• **Exercise description**
Lines from the one containing "Bán Nhà 3 Lầu" through the last line of the records below need to be repeated exactly; nothing else, and no pictures.
- Opening Delimiter -
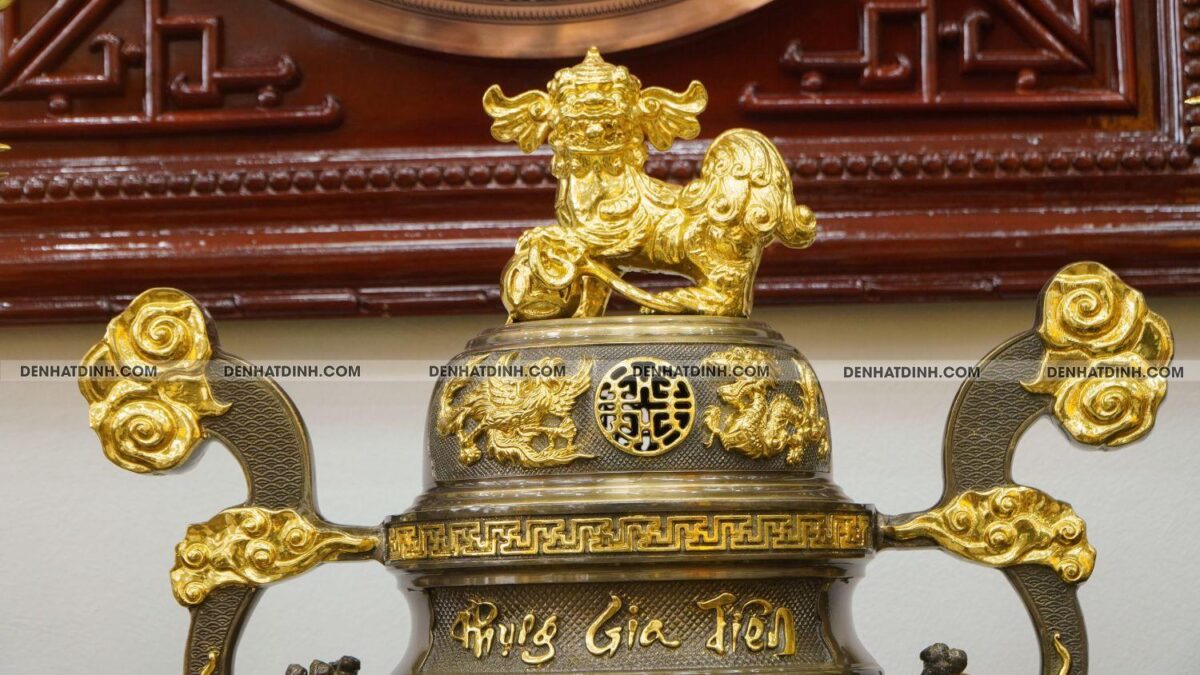 Bộ đỉnh đồng Phụng Gia Tiên dát vàng đi cùng các phụ kiện trên ban thờ - Ảnh 8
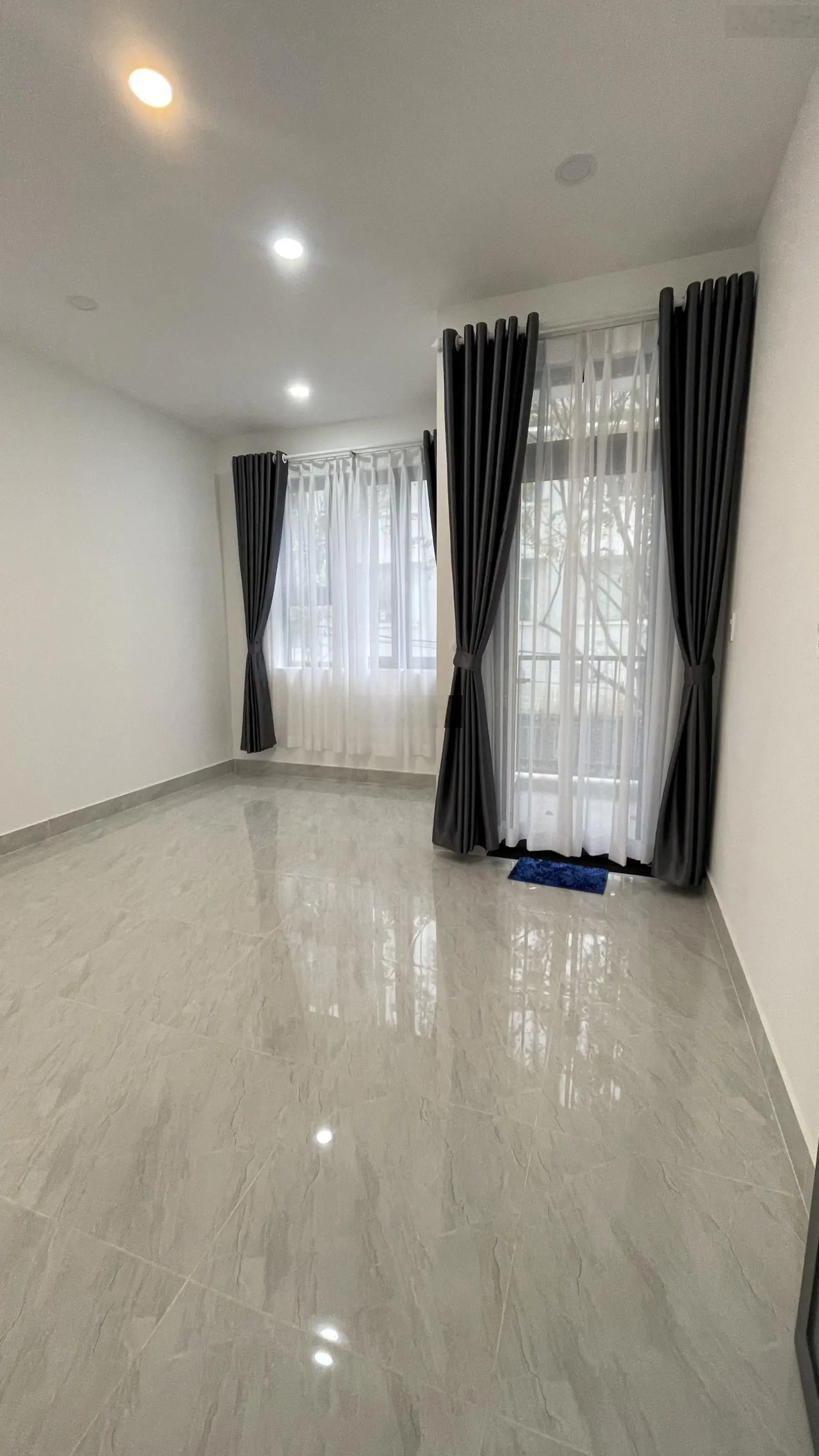 Bán Nhà 3 Lầu + sân thượng đường 8m, Hiệp Phú, Quận 9. Cách Vincom chỉ 500m.
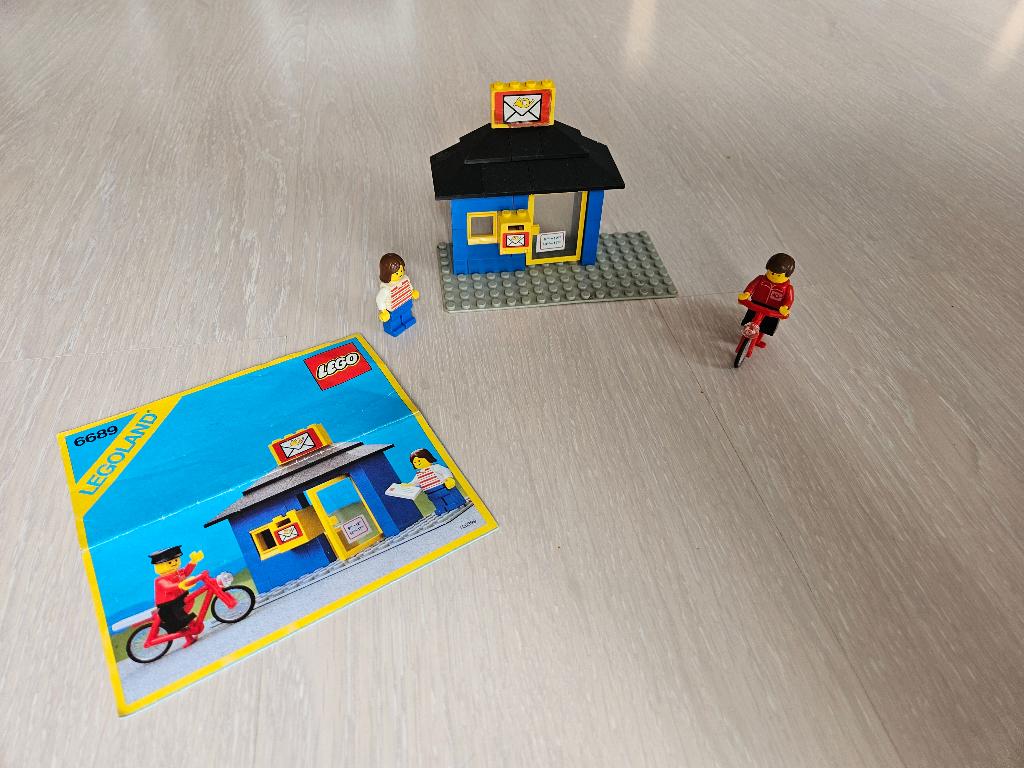 Lego Legoland 6689 Post station, Kinderen en Baby's, Speelgoed | Duplo en Lego, Gebruikt, Lego, Compleet, Ophalen of Verzenden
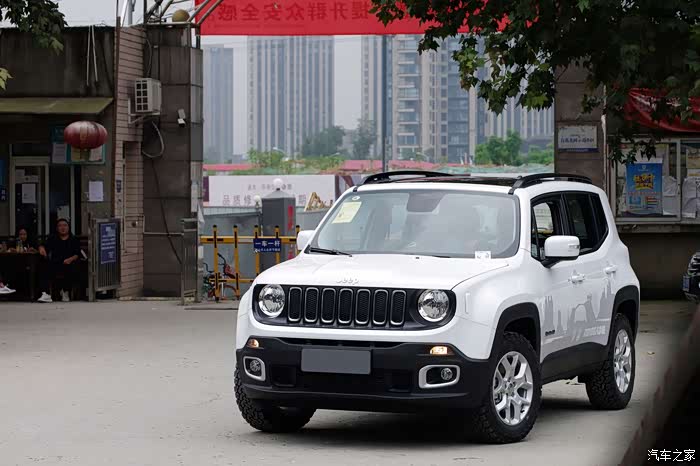 白色自由侠25寸升高百路驰ko2轮胎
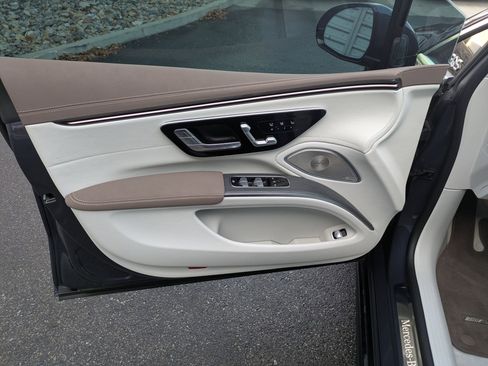 Used 2022 Mercedes-Benz EQS 580 4MATIC Sedan image 12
- Closing Delimiter -
• **Output of the task**
 Bán Nhà 3 Lầu + sân thượng đường 8m, Hiệp Phú, Quận 9. Cách Vincom chỉ 500m.
 Lego Legoland 6689 Post station, Kinderen en Baby's, Speelgoed | Duplo en Lego, Gebruikt, Lego, Compleet, Ophalen of Verzenden
 白色自由侠25寸升高百路驰ko2轮胎
 Used 2022 Mercedes-Benz EQS 580 4MATIC Sedan image 12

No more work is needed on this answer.